#### Try it:
Reproduce, unchanged, the lines between the one holding "Smoke Detector, Hardwired" and the last line of the records, including both ends, but no pictures.

── Task data

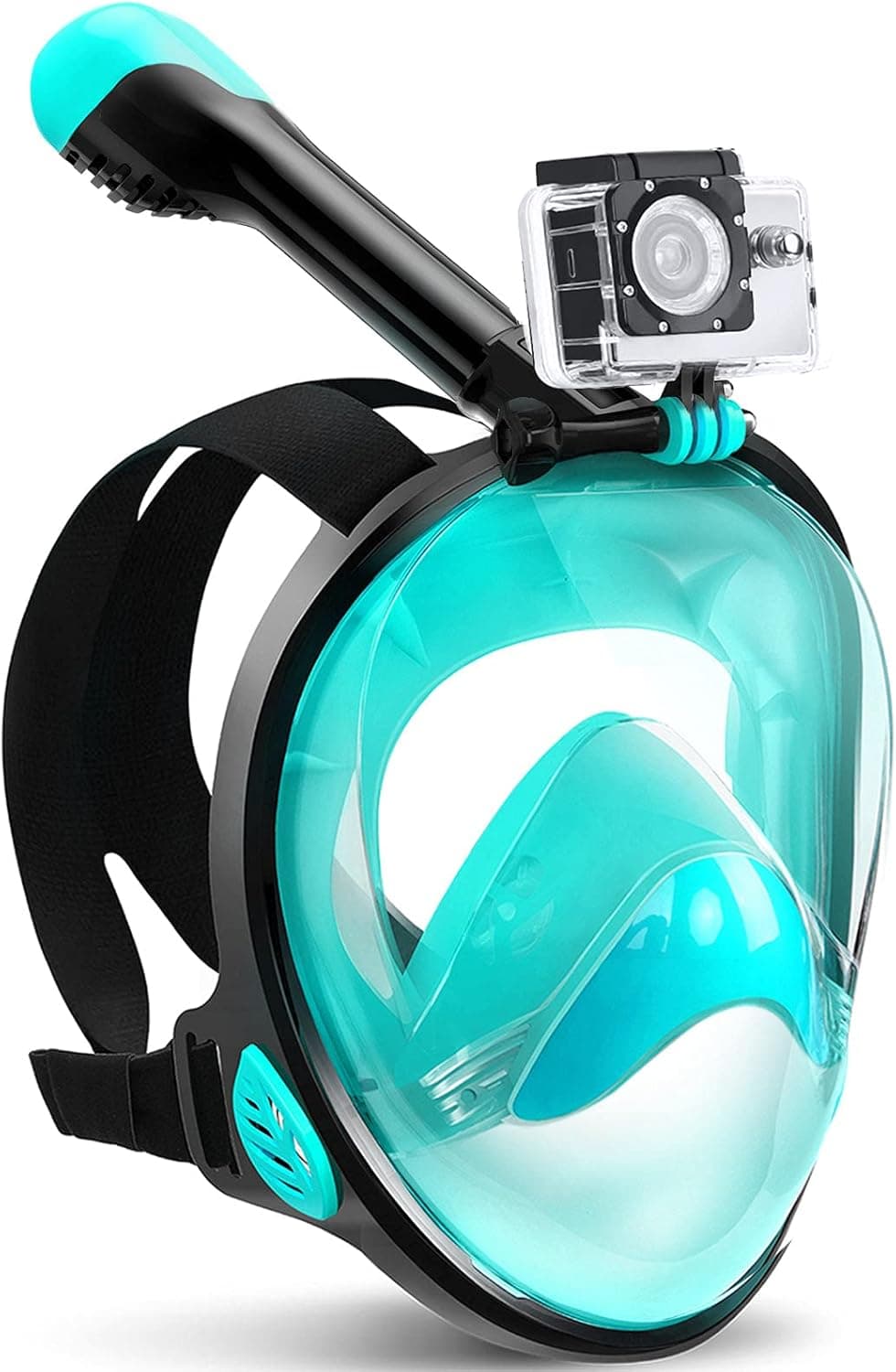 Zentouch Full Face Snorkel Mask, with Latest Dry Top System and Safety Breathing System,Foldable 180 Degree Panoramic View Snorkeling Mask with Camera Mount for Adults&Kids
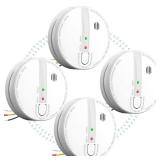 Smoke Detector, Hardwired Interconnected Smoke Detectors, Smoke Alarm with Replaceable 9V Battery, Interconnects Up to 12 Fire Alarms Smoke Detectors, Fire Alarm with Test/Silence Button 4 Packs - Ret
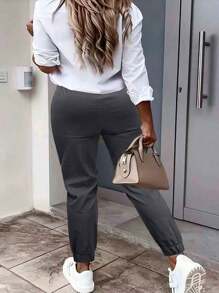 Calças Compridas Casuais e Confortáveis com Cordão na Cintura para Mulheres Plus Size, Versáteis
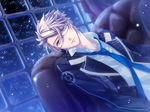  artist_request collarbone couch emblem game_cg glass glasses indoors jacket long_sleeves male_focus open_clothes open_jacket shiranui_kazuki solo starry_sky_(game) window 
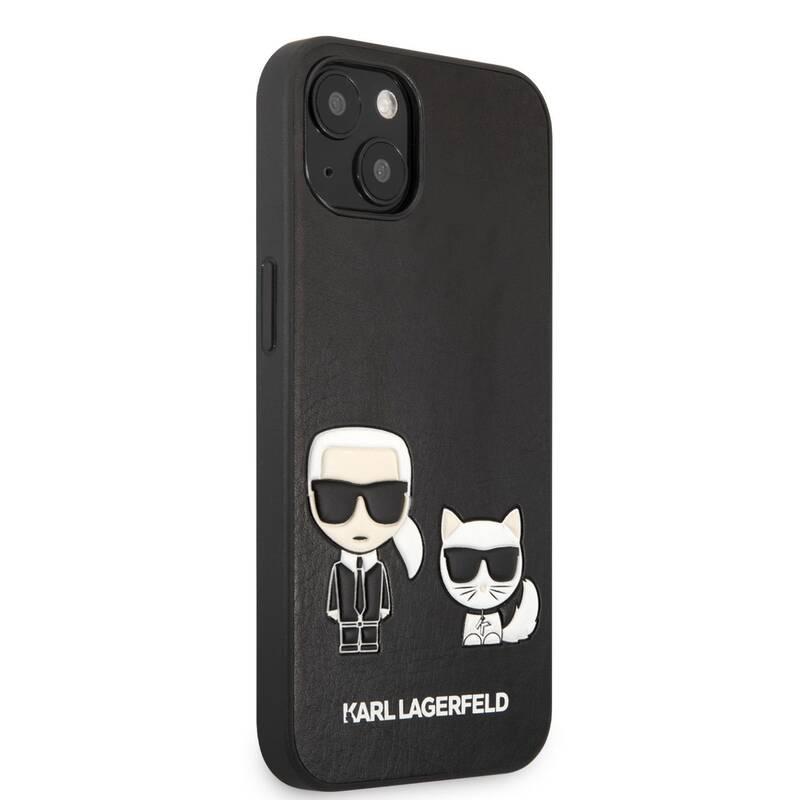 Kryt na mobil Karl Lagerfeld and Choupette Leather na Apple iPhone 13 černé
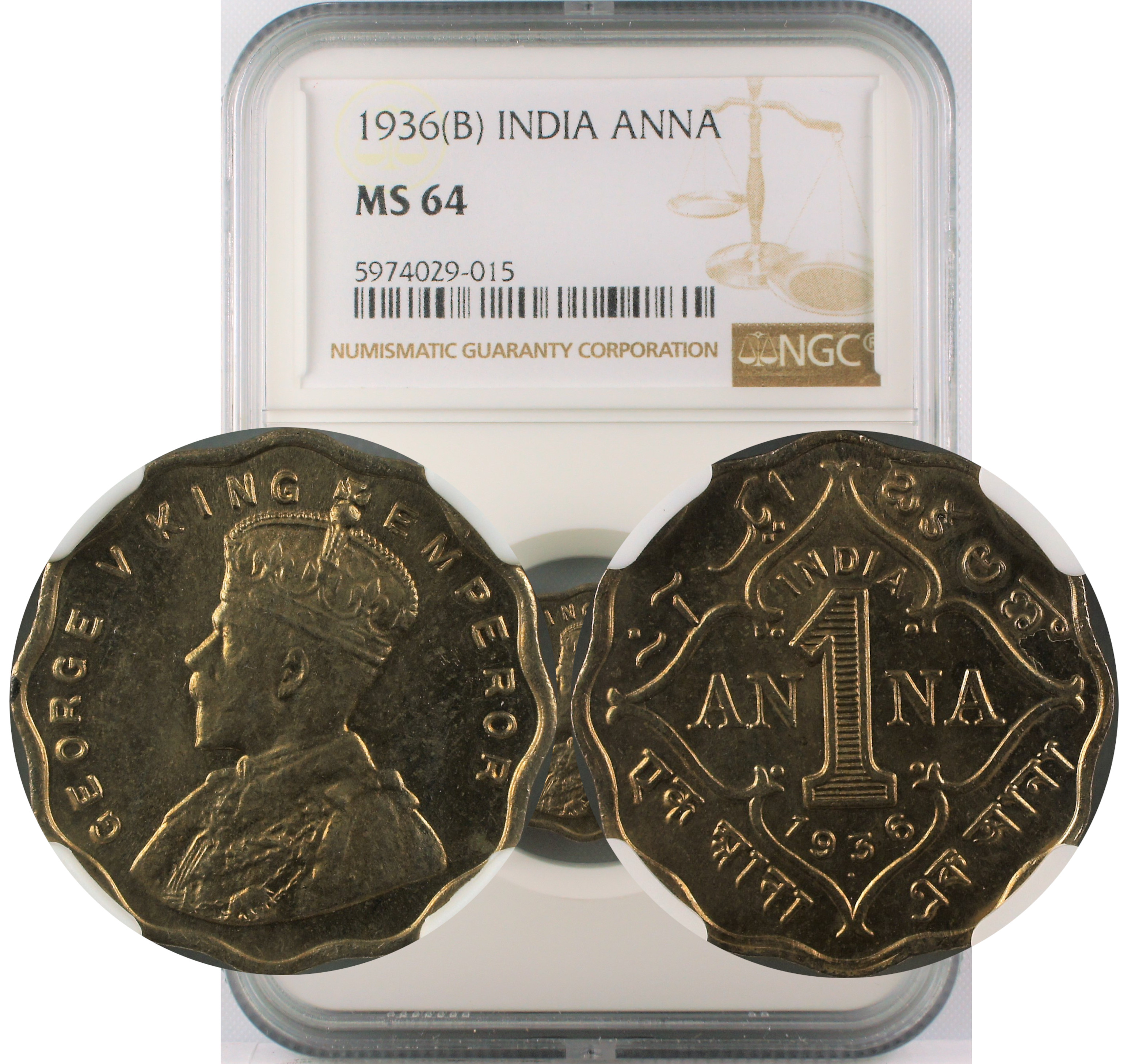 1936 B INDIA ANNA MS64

────

#### Solution to the exercise:
 Smoke Detector, Hardwired Interconnected Smoke Detectors, Smoke Alarm with Replaceable 9V Battery, Interconnects Up to 12 Fire Alarms Smoke Detectors, Fire Alarm with Test/Silence Button 4 Packs - Ret
 Calças Compridas Casuais e Confortáveis com Cordão na Cintura para Mulheres Plus Size, Versáteis
  artist_request collarbone couch emblem game_cg glass glasses indoors jacket long_sleeves male_focus open_clothes open_jacket shiranui_kazuki solo starry_sky_(game) window 
 Kryt na mobil Karl Lagerfeld and Choupette Leather na Apple iPhone 13 černé
 1936 B INDIA ANNA MS64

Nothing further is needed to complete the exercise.